Discovering and Using Meta-Terms

W. Bruce Croft, Principal Investigator

Many queries, particularly “content-based” queries, contain terms that are difficult to match directly with documents. Transforming these queries using replacements or expansions for these terms can make a substantial difference to performance. One of the interesting phenomena that can be observed in the TREC Terabyte track (using Web data) is that adding the narrative description, which is often verbose and usually contains irrelevant terms, to the short keyword query results in a significant average increase in effectiveness. Our hypothesis is that this happens because the narrative often contains a small number of key terms that make a significant difference to the ability of the system to match relevant text. We believe that many of these important terms are in fact instances, examples, or more specific forms of query terms which we call “meta-terms”. Some examples of meta-terms found in recent TREC queries, together with related words that can readily be found on the Web, and that make a difference to retrieval performance, include “marine mammals” (“whales”), “candy makers” (“hershey”), “volcanic activity” (“lava flow”), “civil war battle” (“antietam”), “massachusetts textile mills” (“lowell”), “mass transit” (“rail”), and “alternative fuel cars” (“hydrogen”). We propose to develop techniques to mine replacements or related words from the Web for these meta-terms and show that effectiveness can be significantly improved by incorporating them in queries.

Although this proposed technique is related to query expansion, current query expansion techniques are either too coarse, resulting in many unrelated terms (pseudo relevance feedback) or too generic, resulting in too few expansions or the wrong expansions (e.g. using Wordnet). We also do not expect to simply make the query longer by adding terms, but will in addition investigate approaches that would be better described as reformulating or transforming the query.

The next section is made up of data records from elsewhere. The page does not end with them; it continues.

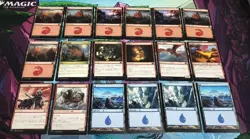 Magic: The Gathering Error Card Set 116 Sheets Collectible Used - Image 4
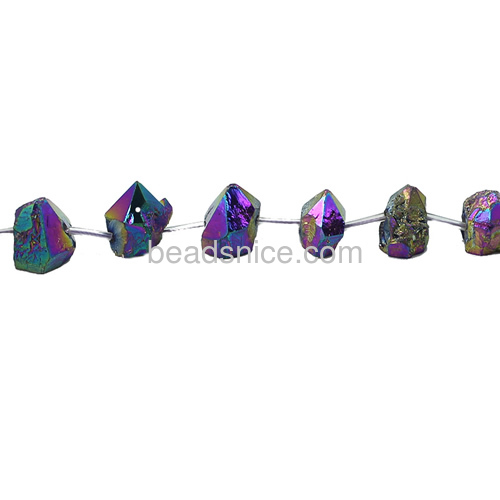 Cheapest natural stone pendants purple uncertain figure for women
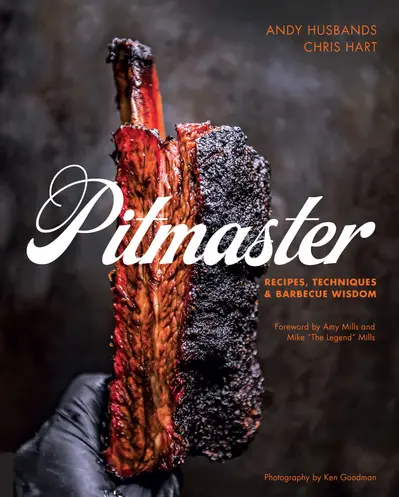 Pitmaster book cover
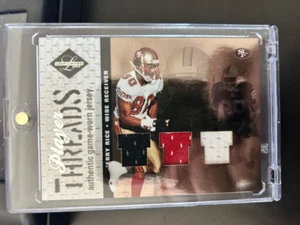 2003 Leaf Limited Player Threads Jerry Rice San Francisco 49er's HOF - Picture 1 of 2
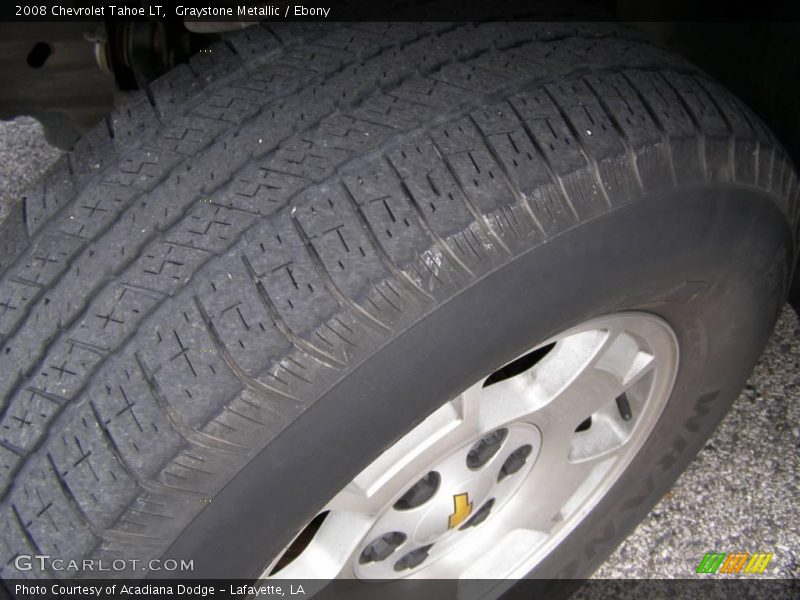 Graystone Metallic / Ebony 2008 Chevrolet Tahoe LT
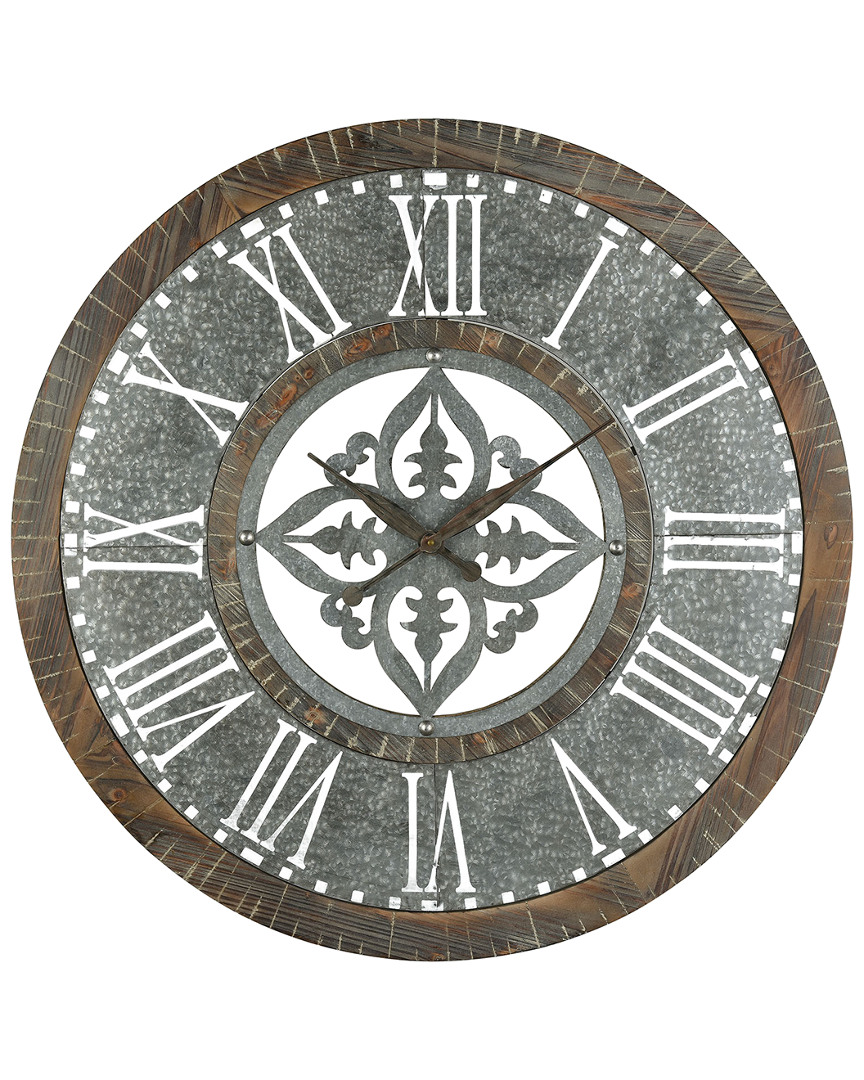 Artistic Home & Lighting Greystone Wall Clock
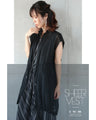 A sheer vest that can be both pretty and cool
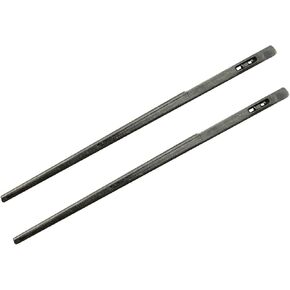 إبرة جلدية الخياطة LQ الصناعية 2 قطعة الرباط دليل الخيوط اثنين برو إبرة معدنية اليدوية الجلود أداة الجلد diy الجلد الجلود إبرة إبرة مزدوجة الشق إبرة in Kuwait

In this project we are using both the Microsoft query logs and the TREC GOV2 collection to develop techniques to discover meta-terms in queries and then mine related words from the Web. More specifically we are performing a relatively simple analysis of queries in the log (or the TREC queries) to determine candidate meta-terms, then those terms are being used in queries that look for the occurrence of specific patterns in Web documents. If a significant number of pattern matches are found, the associated text will be analyzed, using both simple linguistic techniques and frequency counts, to extract the instances or related words. An obvious (and effective) example of a pattern for finding potential meta-terms is <meta term> “such as” <instances>. We manually check the results of this analysis for quality and improve the techniques as appropriate. We may also use bootstrapping techniques to learn new patterns. Pattern-based extraction techniques like this have been used successfully in recent question-answering research, and our approach, although related, uses simpler patterns to improve more general queries. The result of this stage of the research will be information about the frequency of meta-terms in queries, the type of meta-terms that are found, and a dictionary or thesaurus of meta-terms and their related words that can be used for retrieval experiments.

The next step of the research will be to use the meta-term dictionary to carry out retrieval experiments and to test various approaches to query reformulation or transformation. This will include techniques such as simple expansion (unlikely to be effective), reranking the initial retrieved set, and generating multiple queries and combining results. We will investigate using the query log with the click-through data to evaluate searches, and the TREC data will provide some solid baseline performance figures. By clustering the query log using both text and click-through overlap we hope to find examples of meta-term replacement and click-through data that can be used as relevance judgments. We also expect to have to do some manual relevance judgments of retrieved Web pages.

Apart from evaluation, another issue we will need to address is the potential ambiguity of meta-terms. For example, if we simply looked for instances of “textile mills” in the Web, we will find many mills that are not located in Massachusetts. The general approach we intend to use as a solution for this is to use the other terms in the query (in this case, “Massachusetts”) as background to disambiguate the pattern results while not being part of the pattern itself.

This project is supported by Microsoft Live Labs.